Finiteness of $\int_0^1 \left(\sum_{n=1}^\infty \frac{n^\alpha e^{- t n^\alpha}}{1 - e^{- t n^\alpha}} \right)^{1/2} \, \mathrm{d}t$ Let $\alpha > 1$.
My question is: is $\int_0^1 \left(\sum_{n=1}^\infty \frac{n^\alpha e^{- t n^\alpha}}{1 - e^{- t n^\alpha}} \right)^{1/2} \, \mathrm{d}t$ finite ?
For $t \in ]0, 1]$, the series $\sum_{n=1}^\infty \frac{n^\alpha e^{- t n^\alpha}}{1 - e^{- t n^\alpha}}$ is convergent (using the ratio test for example). 
I don't think there is a direct way to compute its sum, so I looked for an upper bound, to no avail. The square root also prevents me from switching integral and series.

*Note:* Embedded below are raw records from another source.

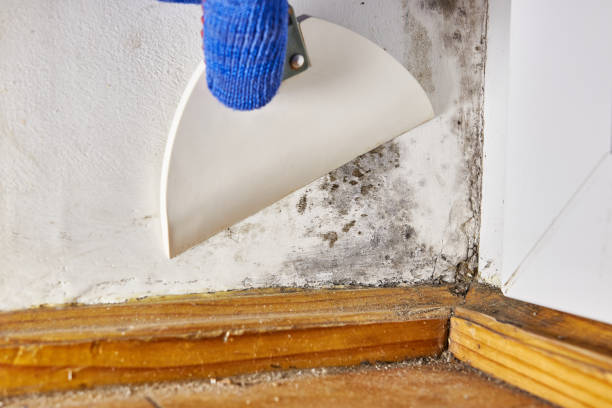 Best Mold Prevention Services  in Henrietta, TX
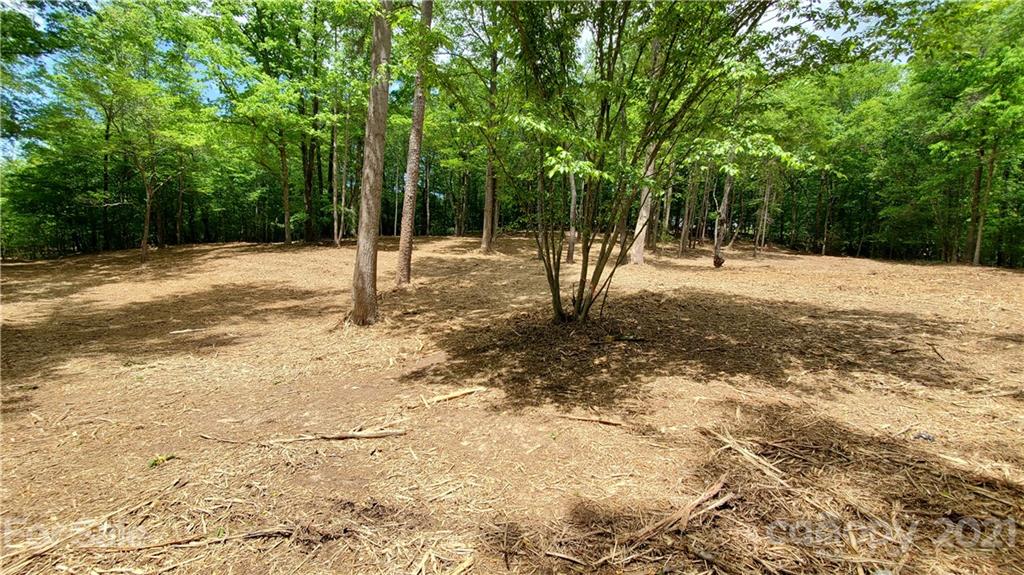 398 Foster Lake Road Blacksburg, SC 29702 - Photo 6 of 10 a backyard of a house with large trees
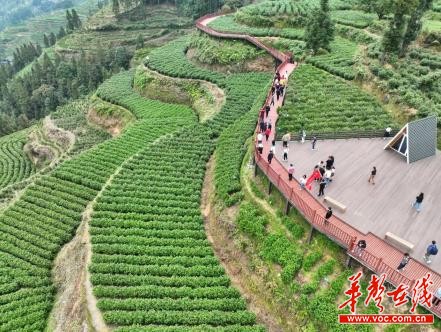 茶、旅、文三位一体，国茶村年接待游客近10万人次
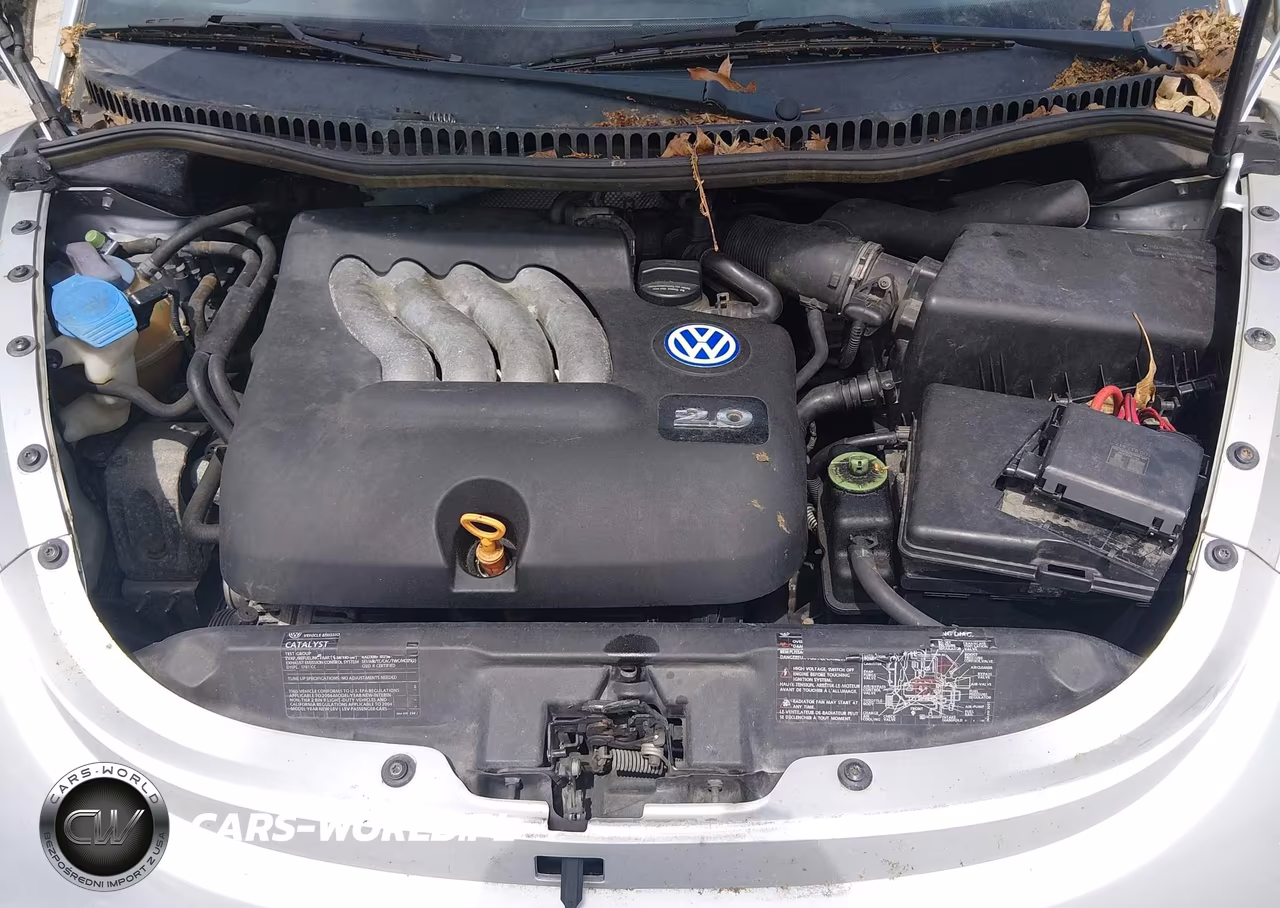 2002 Volkswagen New Beetle Gls VIN:3VWCB21C12M416843 - 10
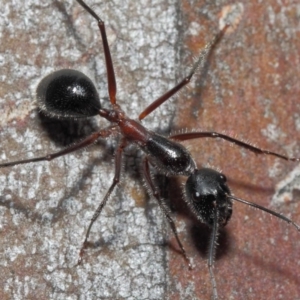 Camponotus intrepidus at Acton, ACT - 30 Jun 2019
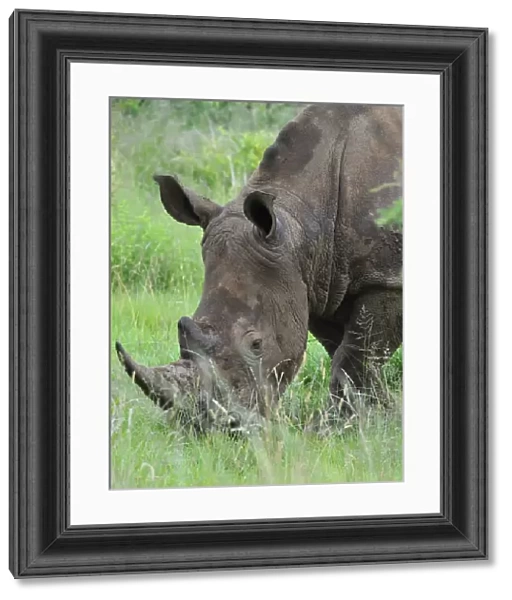 White Rhinoceros (Ceratotherium simum) adult, close-up of head, grazing in lowveld, Pilanesberg N. P. North West Province, South Africa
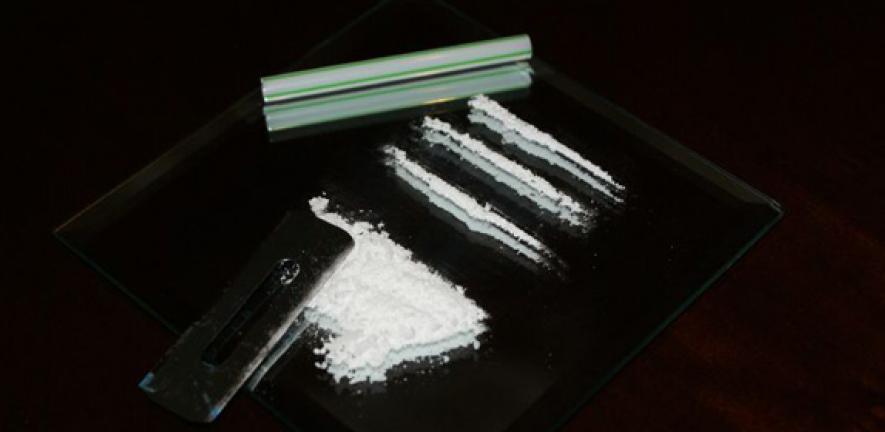 The skinny on cocaine  University of Cambridge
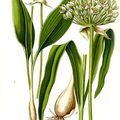 Allium ursinum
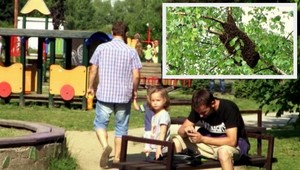 Obrovský roj včiel ohrozoval deti na banskobystrickom ihrisku!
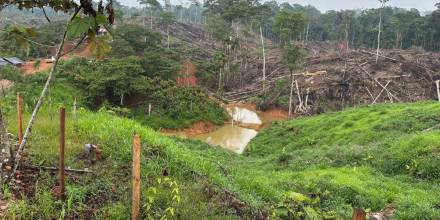 El Ejército propició golpes a la minería ilegal en la Amazonía 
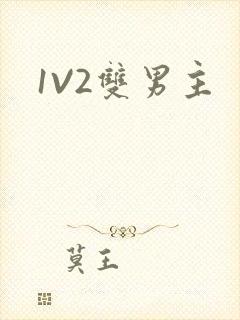 1V2双男主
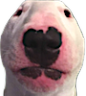 walter emote for Discord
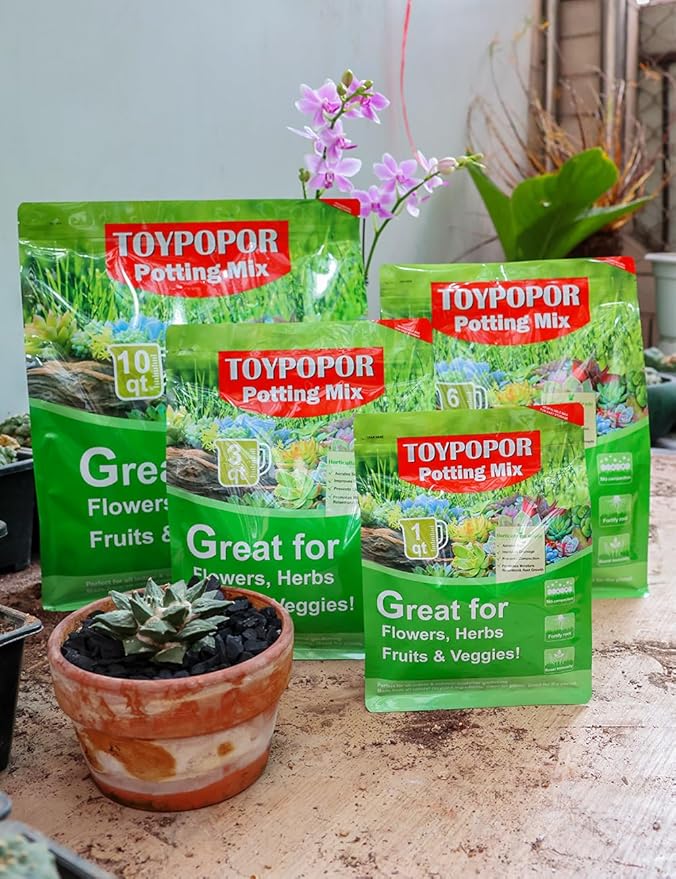 TOYPOPOR Horticultural Charcoal for Indoor Plants (10 Quarts) Hardwood Potting Soil Amendment Helps Improve Drainage for Orchids, Succulent, Cactus, Terrariums, and Gardening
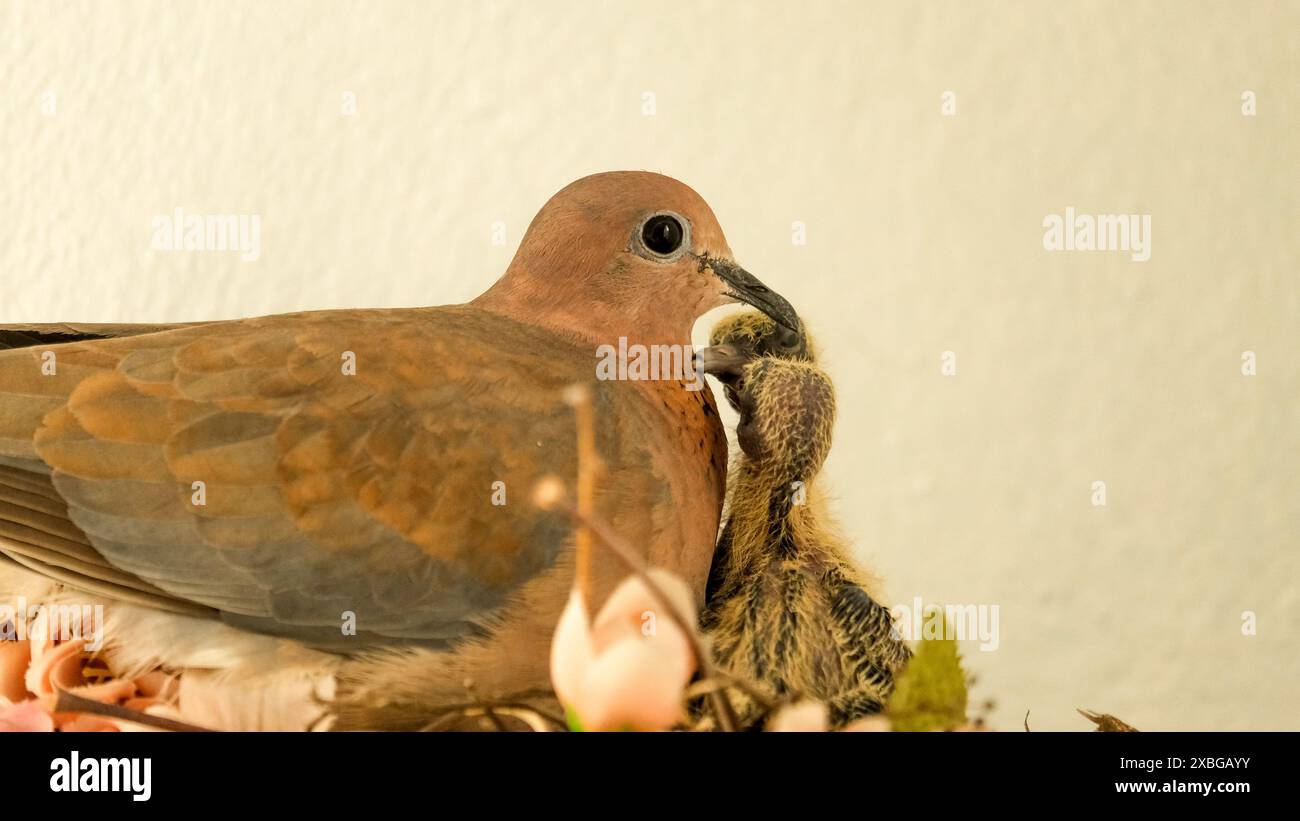 Colombe et ses poussins à l'intérieur nid avec fond blanc. Garde des oiseaux. Espace ouvert. Focalisé sélectif. Banque D'Images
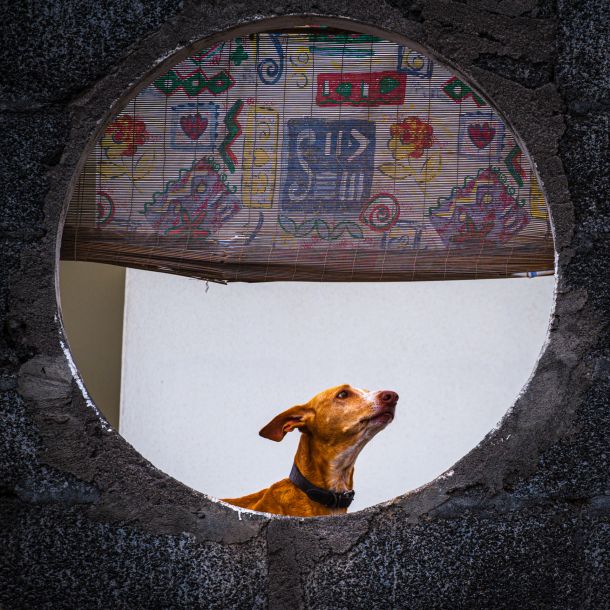 Hunde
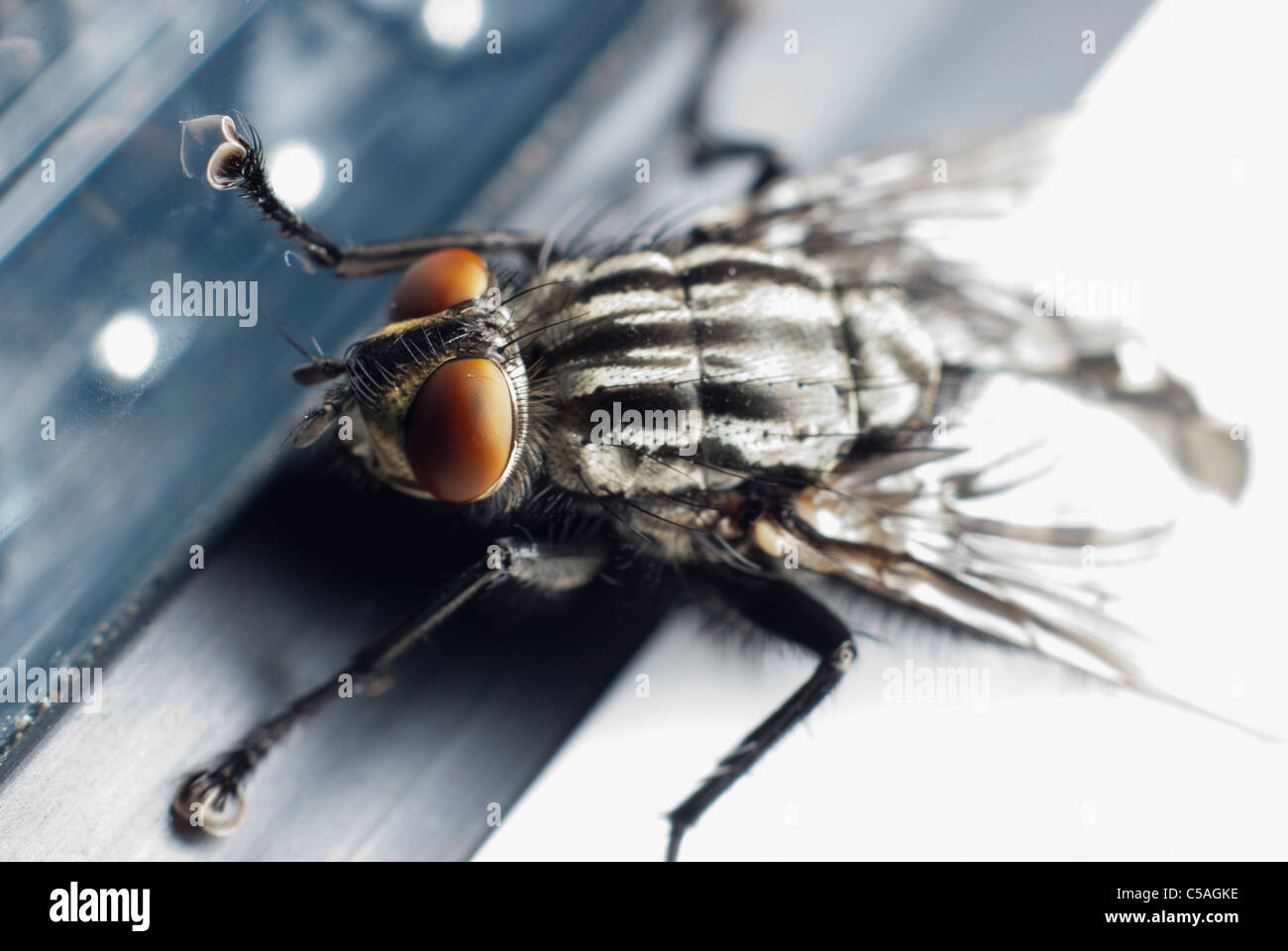 Fly insetto seduti sul telaio della finestra Foto Stock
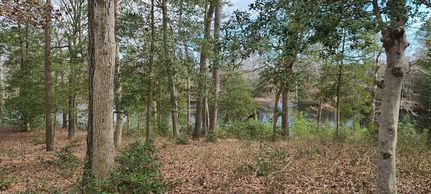 Property for sale in Accomack County, Virginia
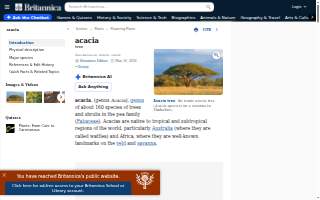 Acacia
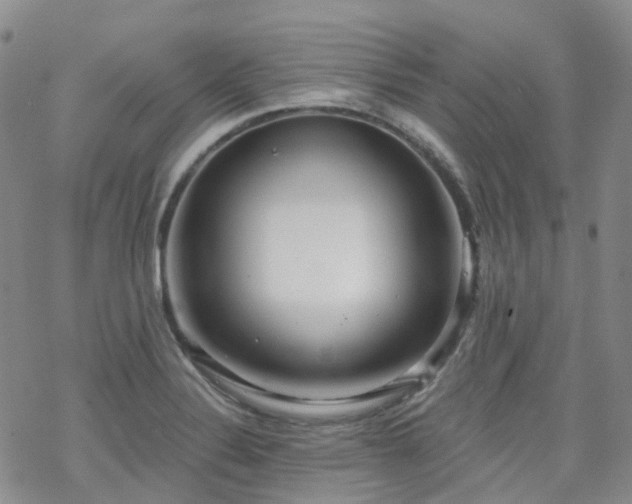 X0000070361324200606091022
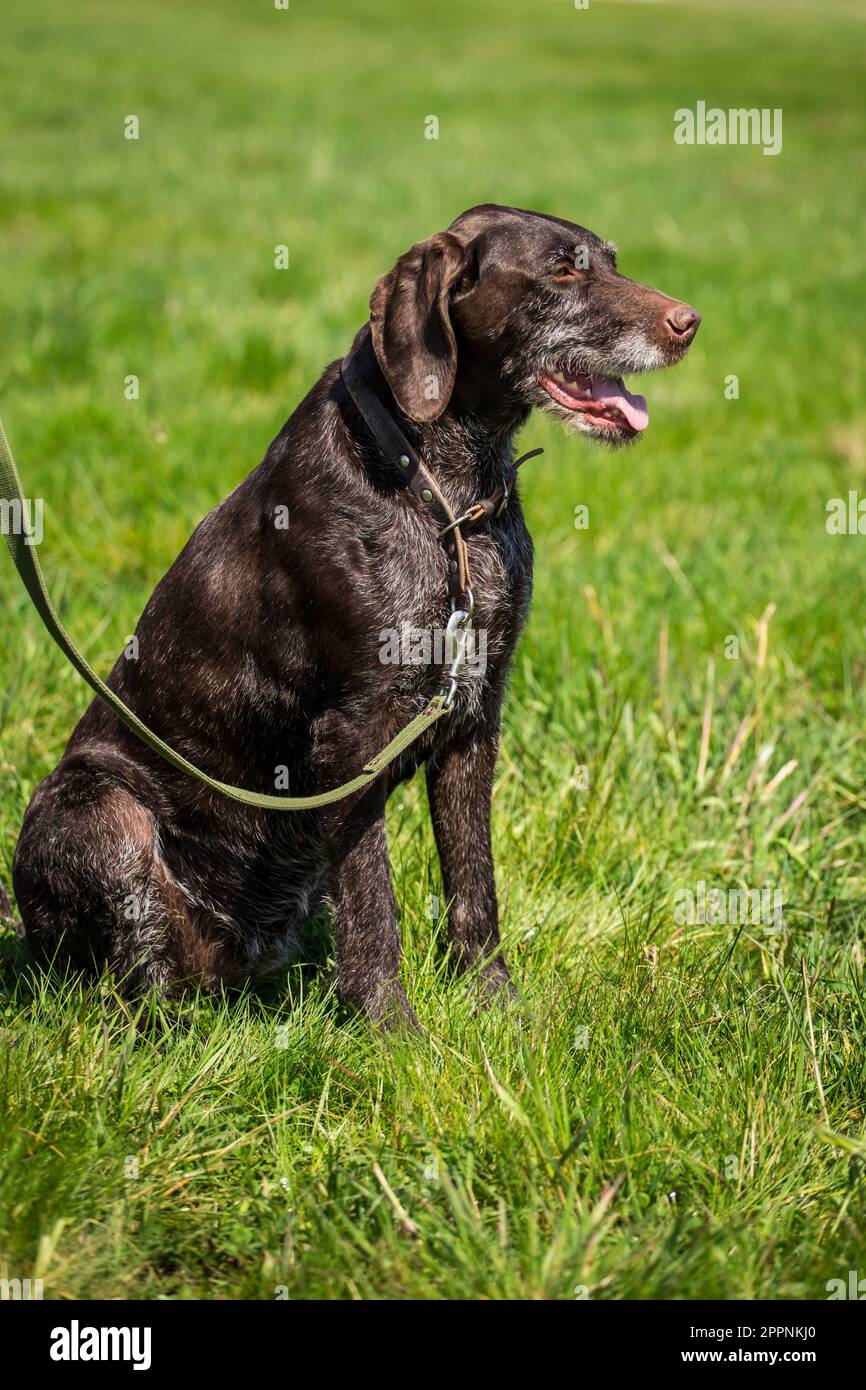 Deutscher Drahthaar-Pointer, Deutsch Drahthaar Stockfoto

 A: As you've said, the series converges for $t\in~\!]0,1]$. Thus the remaining issue is to check the asymptotic behavior as $t\to0$ in the series. Note that we have:
$$\sum_{n=1}^\infty\frac{n^\alpha e^{-tn^\alpha}}{1-e^{-tn^\alpha}}\sim\int_1^\infty\frac{x^\alpha e^{-tx^\alpha}}{1-e^{-tx^\alpha}}~\mathrm dx$$
By substituting $tx^\alpha\mapsto x$ we get
$$\sum_{n=1}^\infty\frac{n^\alpha e^{-tn^\alpha}}{1-e^{-tn^\alpha}}\sim\frac1{\alpha t^{(1+\alpha)/\alpha}}\int_t^\infty\frac{\sqrt[\alpha]xe^{-x}}{1-e^{-x}}~\mathrm dx$$
which thus reduces the problem down to testing the convergence of
$$\int_0^1\frac1{t^{(1+\alpha)/2\alpha}}~\mathrm dt$$
A: As Beautiful Art pointed out, it is enough to find the behaviour about $t=0$. Defining $$f(t)=\sum_{n=1}^\infty \frac{n^\alpha}{{\rm e}^{t n^\alpha}-1}$$ you can calculate the Mellin-Transform
$${\cal M}_f(s) = \Gamma(s)\zeta(s)\zeta\left(\alpha(s-1)\right)$$ which converges whenever $\Re(s)>1+\frac{1}{\alpha}$. The inverse then becomes
$$f(t)=\frac{1}{2\pi i} \int_{\sigma - i\infty}^{\sigma + i\infty} \Gamma(s)\zeta(s)\zeta\left(\alpha(s-1)\right) t^{-s} \, {\rm d}s$$
where $\sigma>1+\frac{1}{\alpha}$. This can be used to calculate the series about $t=0$ by shifting the contour to the left. You can assume $\alpha$ not an integer, and then the integrand has poles at $s=1+\frac{1}{\alpha},1,0,-1,-3,-5,-7,...$. So shifting the contour to $\sigma<1+\frac{1}{\alpha}$ we pick up the residue at $s=1+\frac{1}{\alpha}$ and the first terms become
$$f(t)=\frac{\Gamma\left(1+\frac{1}{\alpha}\right)\zeta\left(1+\frac{1}{\alpha}\right)}{\alpha \, t^{1+\frac{1}{\alpha}}} - \frac{1}{2t} - \frac{\zeta(-\alpha)}{2} + \frac{1}{2\pi i} \int_{\sigma - i\infty}^{\sigma + i\infty} \Gamma(s)\zeta(s)\zeta\left(\alpha(s-1)\right) t^{-s} \, {\rm d}s \, ,$$ where now $\sigma<0$.